Como foi com os jovens António Silva e João Neves?
"São os dois casos mais recentes, no caso do João [Neves] treinou uma vez connosco quando ainda estava nos sub-23 e chamou logo a atenção. Disse logo em casa aos meus familiares que o Benfica tinha ali um grande jogador. Muita gente vem ter comigo e diz-me que eu falei logo naquele jogador. Sinto que tenho olho para a coisa. O António [Silva] foi progressivo. Foi treinando connosco e quando apareceu, aproveitou muito bem a oportunidade. Quando se tem esta qualidade, as mensagens são mais para a vida pessoal, dentro de campo podes corrigir uma coisa ou outra, mas já são experientes. Se têm 18 ou 19 anos e estão a treinar com uma equipa como o Benfica, significa que têm de ser acima da média. A exigência é tão alta que têm de estar muito preparados."

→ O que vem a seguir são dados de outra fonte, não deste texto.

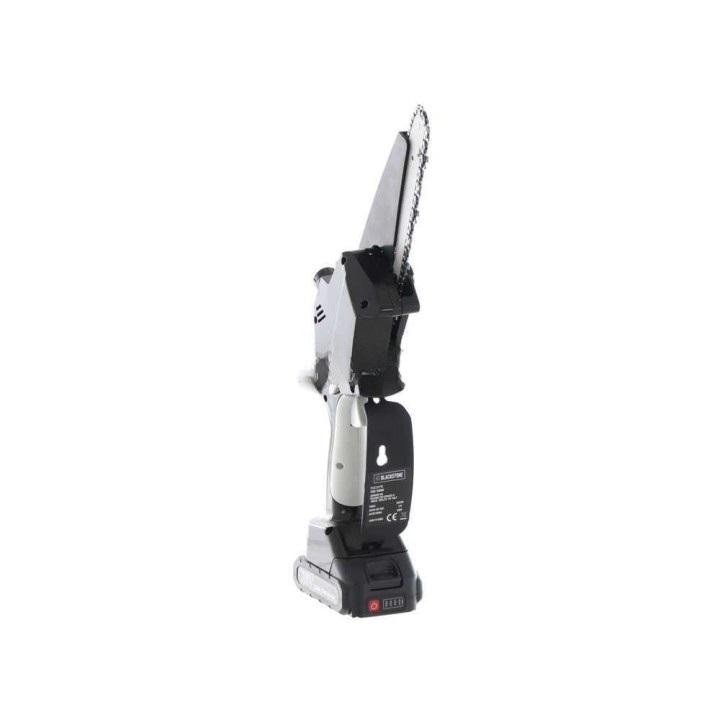 BlackStone HCS 150 akkukäyttöinen oksasaha, 300 W, 21 V, 15 cm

Mediatismo do Benfica dificulta?
"Têm de estar prontos para isso. Não há tempo. Este contexto é único. O Benfica em Portugal é mais de metade do país, a exigência no nosso estádio é gigante. Se um jogador não estiver pronto, não vai conseguir lidar com isso. Um João Neves, António Silva, já conhecem a casa, são preparados no Seixal para isto. Não há tempo para te adaptares."
Ajudas em Campo?
"Fundamental, dentro de campo, mas já aconteceu depois de jogos não terem corrido tão bem a A ou B, dar uma palavra amiga. Não vai correr sempre bem. Há fases melhores ou piores. Faz parte do processo. As dores de crescimento são importantes. Uma palavra amiga, de alguém que já passou por isso, também os ajuda."
Na época passada tiveste 36 contribuições para golo. Surprendeste-te a ti próprio?

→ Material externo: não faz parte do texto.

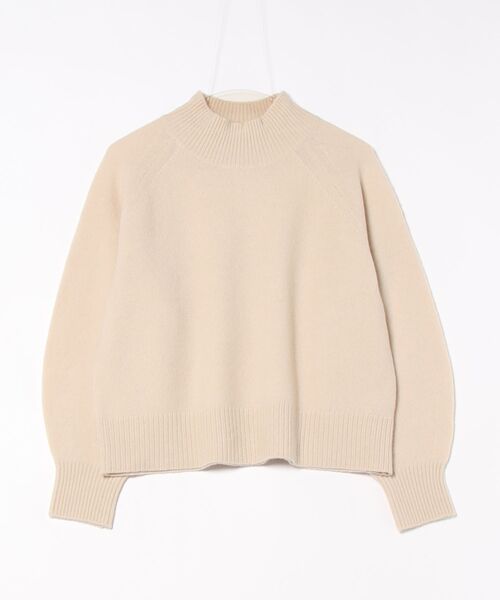 ストロベリーフィールズ　長袖ニット STRAWBERRY-FIELDS（ストロベリーフィールズ） 長袖ニット - レッド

"Sim, de certa forma, sim. Acredito que posso sempre melhorar. A dada altura da minha carreira, muita gente dizia que nunca iria conseguir fazer muitos golos. Eu acho que podes sempre melhorar, sentia que poderia melhorar o processo de finalização se tivesse mais calma. Fui trabalhando o meu lado mental sobre isso. O ano passado foi um pouco isso. Quanto mais vais marcando, mais vais querer marcar. Consigo finalizar muito melhor agora que há cinco ou seis anos atrás."
E a marcação de penáltis, não era algo a que estivesses habituado?
"Questão dos penáltis é interessante. Num dos primeiros treinos da época, num treino aberto, houve um penálti que assumi. E o treinador deu-me essa responsabilidade para os jogos. Foi correndo sempre tão bem, fui conseguindo concretizar e foi-me dando confiança. Os penáltis é muito o lado mental. Nem eu estava à espera de marcar tantos."
Trabalha o lado mental?
"Não tenho ninguém para me ajudar, mas acho que toda a minha carreira me preparou para esta altura. Para esta exigência que tenho no Benfica. Todos os momentos negativos que tive no passado foram a melhor preparação. Se não passares por certos momentos, tu não entendes. Cada vez há mais crítica no futebol, na vida, em tudo. Acho que o facto de ter passado por tantos momentos críticos, sobretudo em Itália, preparou-me para tudo o que possa acontecer. No geral, tudo o que possa acontecer, já houve momentos que passei no passado e que agora me ajudam. Ter ajuda é importante em certos casos, toda a minha carreira foi uma preparação nesse aspeto."
Como tem sido a relação com Roger Schmidt?
"Para nós, é fundamental que tu tenhas um treinador com quem te identifiques, a nível de caráter e personalidade. Acho que nunca tinha tido um treinador, e isso é reconhecido por todos, que para além de um excelente treinador, é excelente pessoa. No futebol, isso nem sempre é compatível e acho que é o melhor elogio que lhe posso fazer. Gostaria que a minha parte futebolística fosse tão boa como a parte humana. E ele tem essa faceta, que não é fácil."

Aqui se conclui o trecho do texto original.